なお本調査では約60のメタバース関連サービスを提示し、認知、利用経験・頻度を聴取。2~3カ月に一度以上いずれかのメタバース関連サービスを利用している人をメタバース利用層と定義している。
調査資料より引用。
先入観や偏見は薄れつつある
メタバースに関するサービス利用前のイメージを確認すると、「親しみの持てる」:10.8%(前年比+3.4pt)、「手軽な・簡単な」:9.7%(前年比+2.4pt)と、メタバースへの親和的イメージが増加していることが分かった。 一方で、「オタクが多い」:7.4%(前年比-4.0pt)、「先進的な・最先端」:12.4%(前年比-3.7pt)といった項目は減少するなど、メタバースが身近な技術としてイメージされ出していることも確認できたという。
調査資料より引用。
メタバース内広告が認知-興味に好影響
メタバースサービス内で企業の広告に接触した利用層の態度変容においては、「その企業の名前を知った:33.4%(前年比+1.6pt)」、「その企業に興味を持った:28.3%(前年比+3.1pt)」のように認知-興味といったファネルに肯定的な影響が確認できた。

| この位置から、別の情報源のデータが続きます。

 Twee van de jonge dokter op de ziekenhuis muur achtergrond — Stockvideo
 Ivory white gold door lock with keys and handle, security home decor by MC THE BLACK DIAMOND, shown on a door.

また前年からの差分を確認すると、「その企業のSNSをフォローした:10.7%(前年比+5.0pt)」が最も伸長していることが分かったという。利用層のメタバース関連サービスの参考情報源として「X:32.8%(前年比+7pt)」が大きく増加しているという結果も出ており、メタバースからXなどのSNSアカウントに辿り着き、フォローが増加していると考えられると分析している。
調査資料より引用。
「メタバース利用層」と「興味あり未利用層」それぞれが好きなコンテンツや有名人について分析したところ、利用層では「お笑いバラエティ」「YouTuber/VTuber」「日常系アニメ」と、メタバースとも関連性のあるコンテンツが並ぶ一方、興味あり未利用層では「お笑いバラエティ」「アクション映画」「ポップミュージック」などが上位に入るなど、メタバース利用層と興味あり未利用層の嗜好性の違いが確認できたという。
調査資料より引用。
また好きな有名人カテゴリを見てみると、利用層では「YouTuber」「男性アイドル・タレント・俳優」「VTuber」が上位3項目に。
一方、興味あり未利用層では「男性アイドル・タレント・俳優」「YouTuber」は共通して人気であるものの、「VTuber」は低いスコアであることも確認できた。